Tuesday, 28 October 2008

LtF Chapter 8 - Learning Whilst Doing

Half term week makes for rapid and quiet bus rides - ideal for zipping through this brief chapter detailing the use of After Action Reviews.

These were developed by the US army during the war in Vietnam as a rapid means to learn in the field. (The image on this page is from the US Military Flickr account and is of an AAR taking place in Iraq). The full details of how these are operated in the army are published online "A Leader's Guide to After Action Reviews".

It boils down to four questions:
  • What was supposed to happen?
  • What actually happened?
  • Why were there differences?
  • What can we learn from that?
It is a quick process - around twenty minutes and to be carried out in the immediate aftermath of whatever you are examining. Most of the documenting is of the actions.

I like these a lot and I am certainly going to try and make use of them within my working life.

I wonder to what extent this sort of practice is formalised in processes around care? It should be happening around adverse incidents and near misses but what about in the everyday? Organisationally we are working on the Productive Ward model. Having a quick scan of the documents there are loops for learning but I wonder if it might benefit from the rapid feedback that an AAR would bring?
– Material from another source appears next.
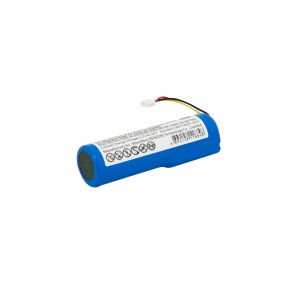 Аккумулятор Neovolt для Honeywell CV30, Intermec CV30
(C) Image Creative Commons

Monday, 27 October 2008

LtF Chapter 7 - Learning from your peers

Half distance in the book and another chapter of practical advice around a technique - in this instance "Peer Assists".

Compared to the benchmarking exercises described in the previous chapter I found this technique harder to grasp. Perhaps because the scale of investment in time and people seems that much greater.

The Peer Assist is a means to share experience and knowledge around a topic. It is convened by those undertaking the work and is very much a request for help. It should happen early in a project to allow for maximum gain in terms of applying any lessons learnt. It is suggested that they may well take between one and two days to complete. There is a balancing act in terms of the people in attendance to get diverse enough views that fruitful learning can take place and assumptions be challenged, without things being so diverse that it is hard to know where to start. You also need people at the right level.

12 steps are laid down for planning a Peer Assist and these are explained in some detail. They seem a reasonable framework. Ideally it is suggested that you attend a Peer Assist as a participant before you organise one. So a case of asking around for someone who has participated or of getting in someone externally to run a trial?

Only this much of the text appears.